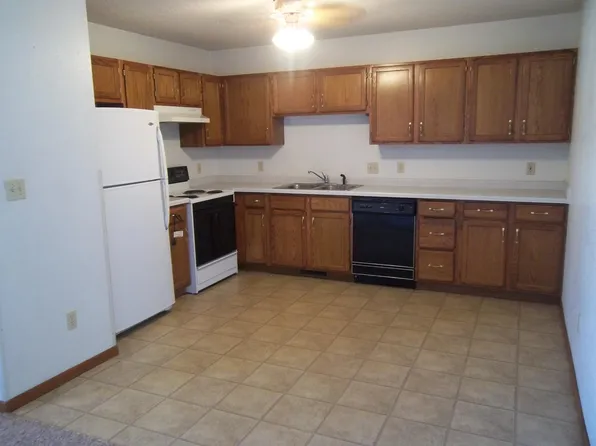 926 Larson Dr #926, Zumbrota, MN 55992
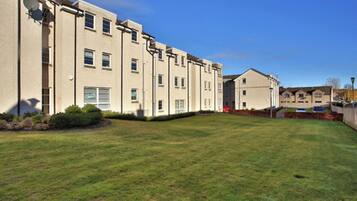 Apartment (3 Bedrooms) | Exterior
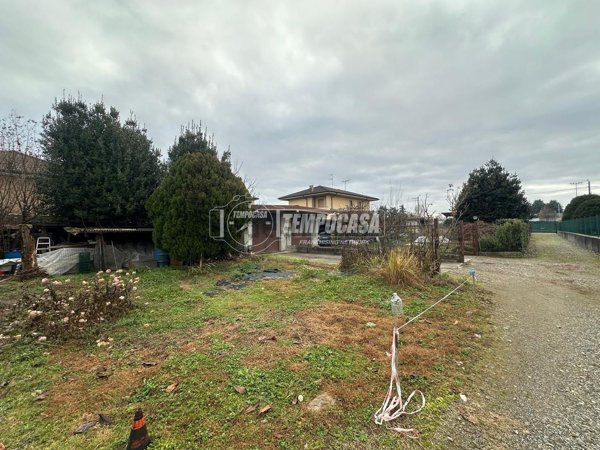 appartamento in vendita a Lazzate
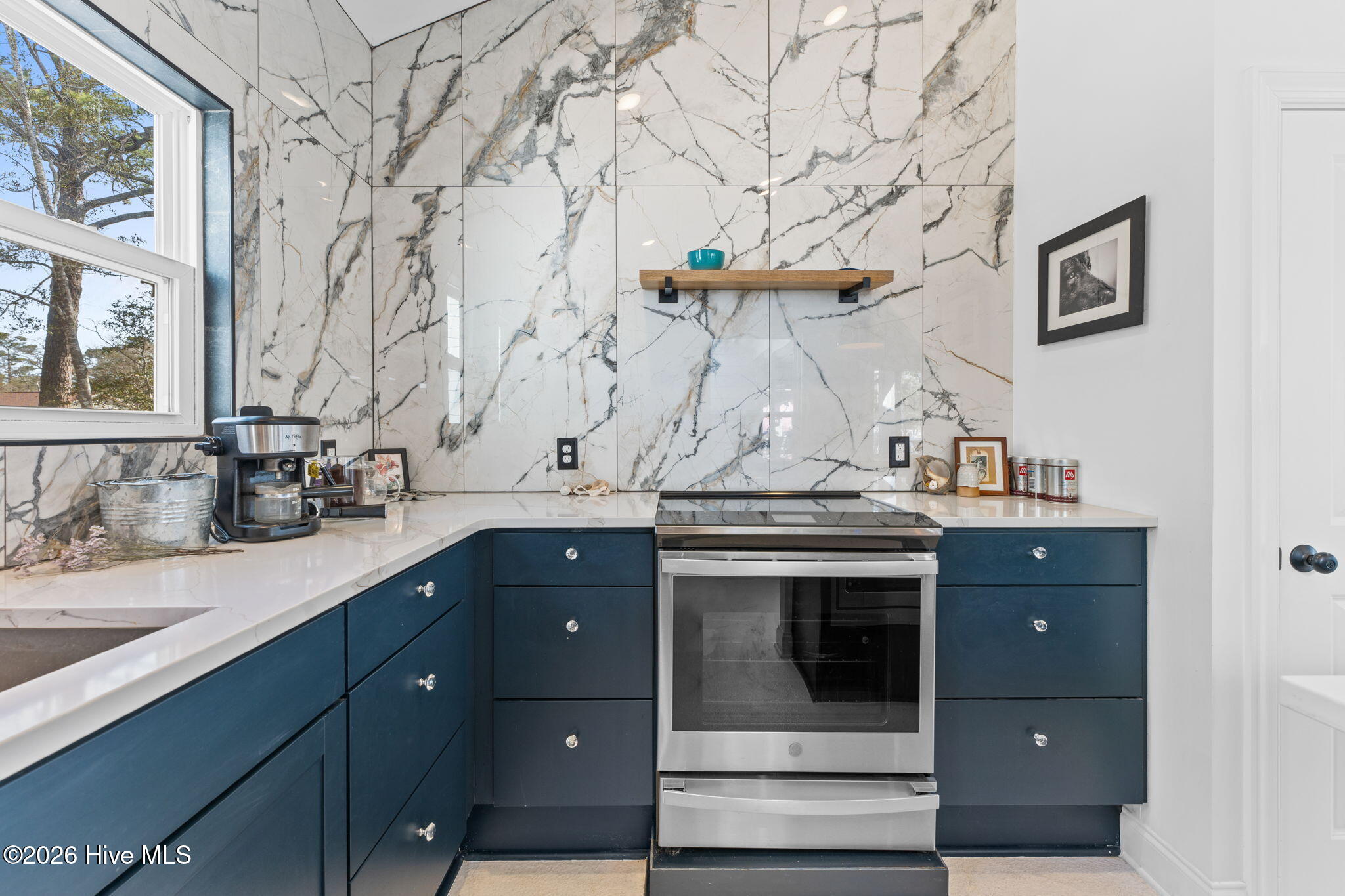 100554364 | Photo 43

--------------------

### Your goal
Apart from the images, print all the material above exactly as given.

### Solution
 926 Larson Dr #926, Zumbrota, MN 55992
 Apartment (3 Bedrooms) | Exterior
 appartamento in vendita a Lazzate
 100554364 | Photo 43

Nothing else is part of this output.